It has been said that smell is the sense most correlated with memory. For me, formaldehyde brings me back to Mr. Fiero’s 10th grade biology class. It was there, in his laboratory classroom, that my partner and I dissected a fetal pig. What I remember most from the experience is how much I didn’t want to do it, an option, sadly, not available in 1980.
Mr. Fiero kept a boa constrictor in a glass cage and would occasionally feed him live rodents as part of our education (although he did graciously allow us to look away with impunity). This “lifecycle moment” did not appear to upset too many of my classmates, but when Shadow, the hobbled domestic rabbit, disappeared one weekend as the giant snake’s latest meal (the bulge was immense), a palpable sadness pervaded the classroom. Looking back, this illustrates our uneven morality on animals. The prey mice were entertainment for many of my friends. The pet rabbit, accorded favored status, was mourned upon his untimely demise. As for the dissection, I remember having some nebulous notion of an unfortunate porcine miscarriage; I didn’t consciously associate our subject with a deliberate death.
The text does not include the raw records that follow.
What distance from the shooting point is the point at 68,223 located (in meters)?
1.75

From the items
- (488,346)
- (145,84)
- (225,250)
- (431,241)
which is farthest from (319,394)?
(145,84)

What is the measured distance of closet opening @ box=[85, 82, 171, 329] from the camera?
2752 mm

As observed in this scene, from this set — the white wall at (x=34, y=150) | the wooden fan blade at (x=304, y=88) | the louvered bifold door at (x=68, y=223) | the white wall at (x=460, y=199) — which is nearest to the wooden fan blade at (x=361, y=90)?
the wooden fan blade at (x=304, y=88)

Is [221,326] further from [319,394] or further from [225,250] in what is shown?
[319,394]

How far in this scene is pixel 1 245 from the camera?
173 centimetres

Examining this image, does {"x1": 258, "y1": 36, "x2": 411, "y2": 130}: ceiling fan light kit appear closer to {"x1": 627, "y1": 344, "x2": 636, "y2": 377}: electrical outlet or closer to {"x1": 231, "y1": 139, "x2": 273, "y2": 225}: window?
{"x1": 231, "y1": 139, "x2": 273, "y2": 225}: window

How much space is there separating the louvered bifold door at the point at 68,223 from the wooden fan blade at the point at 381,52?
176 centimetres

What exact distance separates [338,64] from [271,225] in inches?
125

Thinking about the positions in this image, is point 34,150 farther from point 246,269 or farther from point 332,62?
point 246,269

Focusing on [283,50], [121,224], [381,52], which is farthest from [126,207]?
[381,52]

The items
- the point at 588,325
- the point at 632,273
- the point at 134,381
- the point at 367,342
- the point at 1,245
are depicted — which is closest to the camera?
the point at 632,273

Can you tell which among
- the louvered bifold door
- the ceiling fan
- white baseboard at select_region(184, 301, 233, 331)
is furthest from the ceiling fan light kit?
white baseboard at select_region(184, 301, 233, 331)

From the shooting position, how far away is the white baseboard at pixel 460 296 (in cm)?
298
Dissection has been a part of biology class since the 1920′s, but in 1987, a brave 15-year-old Californian named Jennifer Graham refused to dissect an animal and sued her school district. She argued for a comparable academic option. A year later, California would grant that right to all high school students (nine other states, including NY, have followed). Today, we have sophisticated models and, better yet, computer programs capable of detailed virtual dissections.
Pathologist Dr. Nancy Harrison: “As a doctor who performs autopsies, I can assure students that computer images of well-preserved tissues look more like the “real thing” than the squishy gray organs of a formalin-fixed specimen.”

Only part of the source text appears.